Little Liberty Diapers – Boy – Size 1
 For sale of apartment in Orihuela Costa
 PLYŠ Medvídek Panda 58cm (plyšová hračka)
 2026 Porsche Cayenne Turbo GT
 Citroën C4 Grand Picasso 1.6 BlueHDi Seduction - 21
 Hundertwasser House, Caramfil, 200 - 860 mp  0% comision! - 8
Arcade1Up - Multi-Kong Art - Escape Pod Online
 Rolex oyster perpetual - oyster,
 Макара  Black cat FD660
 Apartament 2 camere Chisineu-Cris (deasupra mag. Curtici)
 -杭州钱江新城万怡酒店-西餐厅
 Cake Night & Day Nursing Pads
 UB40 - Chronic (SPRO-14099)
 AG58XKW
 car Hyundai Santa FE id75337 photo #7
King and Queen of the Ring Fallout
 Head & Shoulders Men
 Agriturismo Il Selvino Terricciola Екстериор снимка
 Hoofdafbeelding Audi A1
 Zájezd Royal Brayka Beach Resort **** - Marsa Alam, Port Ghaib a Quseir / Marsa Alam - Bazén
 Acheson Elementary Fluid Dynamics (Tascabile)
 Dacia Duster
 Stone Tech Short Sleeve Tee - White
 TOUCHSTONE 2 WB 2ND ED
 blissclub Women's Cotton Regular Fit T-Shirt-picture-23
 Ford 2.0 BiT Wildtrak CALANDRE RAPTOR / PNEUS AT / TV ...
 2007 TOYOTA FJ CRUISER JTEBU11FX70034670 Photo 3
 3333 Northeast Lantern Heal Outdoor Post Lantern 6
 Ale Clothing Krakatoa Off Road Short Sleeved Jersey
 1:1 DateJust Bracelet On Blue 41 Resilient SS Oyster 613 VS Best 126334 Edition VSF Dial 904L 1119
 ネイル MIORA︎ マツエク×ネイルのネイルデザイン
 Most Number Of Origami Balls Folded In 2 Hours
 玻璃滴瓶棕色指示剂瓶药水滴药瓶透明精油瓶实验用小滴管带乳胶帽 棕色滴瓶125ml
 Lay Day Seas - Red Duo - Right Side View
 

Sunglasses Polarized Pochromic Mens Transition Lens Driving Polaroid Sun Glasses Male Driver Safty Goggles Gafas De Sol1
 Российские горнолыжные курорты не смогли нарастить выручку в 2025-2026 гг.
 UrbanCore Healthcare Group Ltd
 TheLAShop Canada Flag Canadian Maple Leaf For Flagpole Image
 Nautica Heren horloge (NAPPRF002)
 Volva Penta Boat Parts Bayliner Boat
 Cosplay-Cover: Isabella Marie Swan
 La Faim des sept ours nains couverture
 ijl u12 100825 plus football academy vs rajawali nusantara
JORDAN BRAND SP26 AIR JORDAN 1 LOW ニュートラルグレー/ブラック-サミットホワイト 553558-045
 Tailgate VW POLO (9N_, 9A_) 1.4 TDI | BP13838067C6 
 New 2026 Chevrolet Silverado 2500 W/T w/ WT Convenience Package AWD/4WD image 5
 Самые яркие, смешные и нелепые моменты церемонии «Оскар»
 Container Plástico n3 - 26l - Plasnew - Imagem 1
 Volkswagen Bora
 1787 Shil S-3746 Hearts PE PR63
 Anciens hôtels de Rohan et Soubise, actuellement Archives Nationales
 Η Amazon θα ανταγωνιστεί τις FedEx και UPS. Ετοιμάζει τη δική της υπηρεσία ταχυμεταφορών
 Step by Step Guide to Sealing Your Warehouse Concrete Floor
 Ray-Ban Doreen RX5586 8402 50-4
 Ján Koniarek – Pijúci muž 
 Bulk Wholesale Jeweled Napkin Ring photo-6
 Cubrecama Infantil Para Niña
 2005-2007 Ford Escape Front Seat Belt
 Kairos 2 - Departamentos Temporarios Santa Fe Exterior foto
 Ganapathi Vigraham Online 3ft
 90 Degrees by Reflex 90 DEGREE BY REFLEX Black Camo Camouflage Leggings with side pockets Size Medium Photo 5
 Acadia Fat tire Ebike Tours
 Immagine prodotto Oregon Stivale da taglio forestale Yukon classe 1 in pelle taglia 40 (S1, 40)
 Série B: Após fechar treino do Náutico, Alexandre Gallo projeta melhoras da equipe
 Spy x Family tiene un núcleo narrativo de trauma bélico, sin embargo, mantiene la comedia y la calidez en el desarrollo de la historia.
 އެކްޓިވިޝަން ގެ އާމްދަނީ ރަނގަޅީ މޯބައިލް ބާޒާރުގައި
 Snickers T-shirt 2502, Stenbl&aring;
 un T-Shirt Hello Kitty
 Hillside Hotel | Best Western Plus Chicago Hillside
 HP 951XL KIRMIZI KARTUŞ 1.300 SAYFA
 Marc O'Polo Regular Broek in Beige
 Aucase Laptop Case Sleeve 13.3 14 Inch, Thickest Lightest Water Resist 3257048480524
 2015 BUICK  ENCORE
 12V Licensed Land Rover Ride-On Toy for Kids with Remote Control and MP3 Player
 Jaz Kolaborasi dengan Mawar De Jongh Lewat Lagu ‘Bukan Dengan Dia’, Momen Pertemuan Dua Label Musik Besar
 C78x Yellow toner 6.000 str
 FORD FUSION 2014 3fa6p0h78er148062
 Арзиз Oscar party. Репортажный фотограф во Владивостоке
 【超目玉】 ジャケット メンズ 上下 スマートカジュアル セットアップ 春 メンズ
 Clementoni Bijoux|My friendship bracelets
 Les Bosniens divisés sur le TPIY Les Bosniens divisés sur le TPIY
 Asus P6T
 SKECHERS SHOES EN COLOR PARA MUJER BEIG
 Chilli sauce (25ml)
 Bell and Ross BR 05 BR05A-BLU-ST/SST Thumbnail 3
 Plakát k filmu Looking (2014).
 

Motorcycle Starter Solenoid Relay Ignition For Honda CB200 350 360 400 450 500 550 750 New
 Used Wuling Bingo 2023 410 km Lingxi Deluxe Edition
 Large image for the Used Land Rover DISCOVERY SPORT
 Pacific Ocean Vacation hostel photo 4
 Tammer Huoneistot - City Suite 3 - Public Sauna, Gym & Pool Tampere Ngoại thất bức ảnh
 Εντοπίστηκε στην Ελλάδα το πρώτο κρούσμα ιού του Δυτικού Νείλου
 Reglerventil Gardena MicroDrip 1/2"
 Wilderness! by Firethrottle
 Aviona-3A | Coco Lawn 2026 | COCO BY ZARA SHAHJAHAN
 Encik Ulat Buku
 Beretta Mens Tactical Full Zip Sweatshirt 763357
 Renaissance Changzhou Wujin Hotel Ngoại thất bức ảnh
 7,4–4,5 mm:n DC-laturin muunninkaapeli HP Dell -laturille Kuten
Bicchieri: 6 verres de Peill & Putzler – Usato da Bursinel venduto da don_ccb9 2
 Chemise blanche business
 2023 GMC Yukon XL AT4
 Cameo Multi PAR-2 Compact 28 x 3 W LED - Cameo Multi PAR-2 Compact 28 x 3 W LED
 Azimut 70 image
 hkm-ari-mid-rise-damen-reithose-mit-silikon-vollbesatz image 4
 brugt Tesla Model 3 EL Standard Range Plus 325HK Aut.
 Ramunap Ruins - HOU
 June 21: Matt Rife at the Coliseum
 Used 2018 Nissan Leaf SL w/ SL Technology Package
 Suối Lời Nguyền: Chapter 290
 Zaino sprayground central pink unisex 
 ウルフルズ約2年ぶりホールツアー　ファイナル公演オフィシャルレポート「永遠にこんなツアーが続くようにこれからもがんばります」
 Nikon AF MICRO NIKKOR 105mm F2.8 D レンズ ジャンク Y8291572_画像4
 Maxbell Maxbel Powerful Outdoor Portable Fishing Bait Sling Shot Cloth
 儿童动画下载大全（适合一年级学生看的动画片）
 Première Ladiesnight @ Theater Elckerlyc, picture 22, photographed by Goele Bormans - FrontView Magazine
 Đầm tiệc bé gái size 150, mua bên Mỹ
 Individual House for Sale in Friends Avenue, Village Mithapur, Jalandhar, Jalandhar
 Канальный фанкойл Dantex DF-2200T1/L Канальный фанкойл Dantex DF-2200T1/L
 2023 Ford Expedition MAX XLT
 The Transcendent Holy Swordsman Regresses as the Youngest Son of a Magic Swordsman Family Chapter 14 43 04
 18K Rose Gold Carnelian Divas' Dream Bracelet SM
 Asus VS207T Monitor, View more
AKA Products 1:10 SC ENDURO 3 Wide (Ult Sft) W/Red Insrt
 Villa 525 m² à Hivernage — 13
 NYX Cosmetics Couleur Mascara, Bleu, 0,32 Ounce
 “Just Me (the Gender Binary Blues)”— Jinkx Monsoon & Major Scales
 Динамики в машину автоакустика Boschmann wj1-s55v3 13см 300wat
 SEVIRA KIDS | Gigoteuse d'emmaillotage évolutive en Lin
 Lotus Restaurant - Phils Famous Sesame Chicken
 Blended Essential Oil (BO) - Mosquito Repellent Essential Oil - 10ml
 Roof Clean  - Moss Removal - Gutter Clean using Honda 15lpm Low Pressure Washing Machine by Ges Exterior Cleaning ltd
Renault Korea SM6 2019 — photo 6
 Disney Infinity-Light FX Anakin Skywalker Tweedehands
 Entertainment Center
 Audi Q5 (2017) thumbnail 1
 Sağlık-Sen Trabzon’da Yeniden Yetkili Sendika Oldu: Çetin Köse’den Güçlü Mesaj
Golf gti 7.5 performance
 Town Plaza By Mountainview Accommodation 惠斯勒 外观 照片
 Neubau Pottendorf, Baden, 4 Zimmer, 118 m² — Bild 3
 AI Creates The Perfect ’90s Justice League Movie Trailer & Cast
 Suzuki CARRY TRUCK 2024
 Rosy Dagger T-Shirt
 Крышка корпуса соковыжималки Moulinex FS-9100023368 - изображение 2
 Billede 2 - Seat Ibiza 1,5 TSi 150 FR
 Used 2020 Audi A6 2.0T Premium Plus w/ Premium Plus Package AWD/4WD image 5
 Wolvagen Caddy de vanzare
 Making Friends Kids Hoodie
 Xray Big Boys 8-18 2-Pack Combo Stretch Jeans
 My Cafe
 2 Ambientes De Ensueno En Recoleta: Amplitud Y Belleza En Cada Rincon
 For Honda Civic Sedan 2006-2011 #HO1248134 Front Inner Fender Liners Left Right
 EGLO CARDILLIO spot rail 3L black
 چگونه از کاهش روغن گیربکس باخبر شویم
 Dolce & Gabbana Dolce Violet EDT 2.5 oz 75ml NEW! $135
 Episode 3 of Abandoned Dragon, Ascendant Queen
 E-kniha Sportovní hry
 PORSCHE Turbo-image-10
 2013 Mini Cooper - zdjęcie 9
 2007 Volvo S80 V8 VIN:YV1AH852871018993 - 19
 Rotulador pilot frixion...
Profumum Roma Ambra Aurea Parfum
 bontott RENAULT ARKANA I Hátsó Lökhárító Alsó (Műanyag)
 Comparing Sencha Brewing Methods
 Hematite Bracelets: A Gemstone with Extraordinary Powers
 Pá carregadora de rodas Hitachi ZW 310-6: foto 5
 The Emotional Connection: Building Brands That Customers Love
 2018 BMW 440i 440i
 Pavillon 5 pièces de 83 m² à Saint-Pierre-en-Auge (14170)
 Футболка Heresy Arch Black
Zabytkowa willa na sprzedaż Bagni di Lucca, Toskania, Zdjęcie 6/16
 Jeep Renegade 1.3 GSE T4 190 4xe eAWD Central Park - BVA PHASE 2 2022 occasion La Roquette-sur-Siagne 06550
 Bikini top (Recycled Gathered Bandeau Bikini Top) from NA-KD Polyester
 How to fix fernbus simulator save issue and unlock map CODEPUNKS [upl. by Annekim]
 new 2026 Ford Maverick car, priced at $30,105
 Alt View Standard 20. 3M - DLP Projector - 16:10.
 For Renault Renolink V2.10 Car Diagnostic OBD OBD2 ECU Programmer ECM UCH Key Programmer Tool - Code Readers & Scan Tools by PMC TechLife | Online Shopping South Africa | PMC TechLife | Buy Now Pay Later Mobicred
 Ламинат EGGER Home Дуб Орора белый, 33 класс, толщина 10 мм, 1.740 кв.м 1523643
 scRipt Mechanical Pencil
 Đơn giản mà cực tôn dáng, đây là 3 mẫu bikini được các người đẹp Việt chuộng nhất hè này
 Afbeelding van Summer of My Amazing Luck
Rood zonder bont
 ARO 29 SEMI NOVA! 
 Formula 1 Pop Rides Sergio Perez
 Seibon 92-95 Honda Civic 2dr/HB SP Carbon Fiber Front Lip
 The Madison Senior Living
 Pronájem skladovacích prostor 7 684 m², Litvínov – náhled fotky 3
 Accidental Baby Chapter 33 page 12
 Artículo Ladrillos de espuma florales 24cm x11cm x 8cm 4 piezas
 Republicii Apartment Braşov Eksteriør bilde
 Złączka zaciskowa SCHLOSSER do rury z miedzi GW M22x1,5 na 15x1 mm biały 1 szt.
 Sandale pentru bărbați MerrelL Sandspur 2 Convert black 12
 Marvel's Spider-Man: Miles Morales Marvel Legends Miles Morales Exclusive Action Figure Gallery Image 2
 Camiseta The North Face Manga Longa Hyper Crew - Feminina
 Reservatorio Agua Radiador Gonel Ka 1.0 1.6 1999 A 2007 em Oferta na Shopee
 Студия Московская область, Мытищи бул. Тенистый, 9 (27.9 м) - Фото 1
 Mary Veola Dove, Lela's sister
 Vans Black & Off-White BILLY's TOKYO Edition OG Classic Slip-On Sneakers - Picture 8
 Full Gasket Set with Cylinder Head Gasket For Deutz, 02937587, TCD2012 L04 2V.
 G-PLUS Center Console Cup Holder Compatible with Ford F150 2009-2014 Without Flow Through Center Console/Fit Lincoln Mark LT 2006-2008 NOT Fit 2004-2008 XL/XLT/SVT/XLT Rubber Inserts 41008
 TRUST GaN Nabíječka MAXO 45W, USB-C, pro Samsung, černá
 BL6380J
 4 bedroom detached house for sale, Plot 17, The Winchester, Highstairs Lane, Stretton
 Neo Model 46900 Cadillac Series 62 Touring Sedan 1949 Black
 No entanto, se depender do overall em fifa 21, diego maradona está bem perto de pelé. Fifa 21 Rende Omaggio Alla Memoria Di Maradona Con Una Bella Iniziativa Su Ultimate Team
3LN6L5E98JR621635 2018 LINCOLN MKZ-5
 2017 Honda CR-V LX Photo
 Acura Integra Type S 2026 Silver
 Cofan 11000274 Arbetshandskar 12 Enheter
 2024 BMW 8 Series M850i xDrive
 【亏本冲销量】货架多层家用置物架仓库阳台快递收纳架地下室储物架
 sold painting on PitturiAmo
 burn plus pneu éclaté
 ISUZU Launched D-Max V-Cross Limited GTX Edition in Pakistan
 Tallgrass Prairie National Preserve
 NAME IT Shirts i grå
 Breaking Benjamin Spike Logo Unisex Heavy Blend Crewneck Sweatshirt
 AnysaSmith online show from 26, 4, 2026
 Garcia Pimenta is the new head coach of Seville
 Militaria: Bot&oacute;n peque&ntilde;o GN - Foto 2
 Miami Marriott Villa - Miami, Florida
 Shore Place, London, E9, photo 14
════════════════════
From the records above, transcribe exactly the run of lines that opens with the line holding "Accidental Baby Chapter 33 page 12" and closes with the line holding "Złączka zaciskowa SCHLOSSER", both included.

### Worked solution
 Accidental Baby Chapter 33 page 12
 Artículo Ladrillos de espuma florales 24cm x11cm x 8cm 4 piezas
 Republicii Apartment Braşov Eksteriør bilde
 Złączka zaciskowa SCHLOSSER do rury z miedzi GW M22x1,5 na 15x1 mm biały 1 szt.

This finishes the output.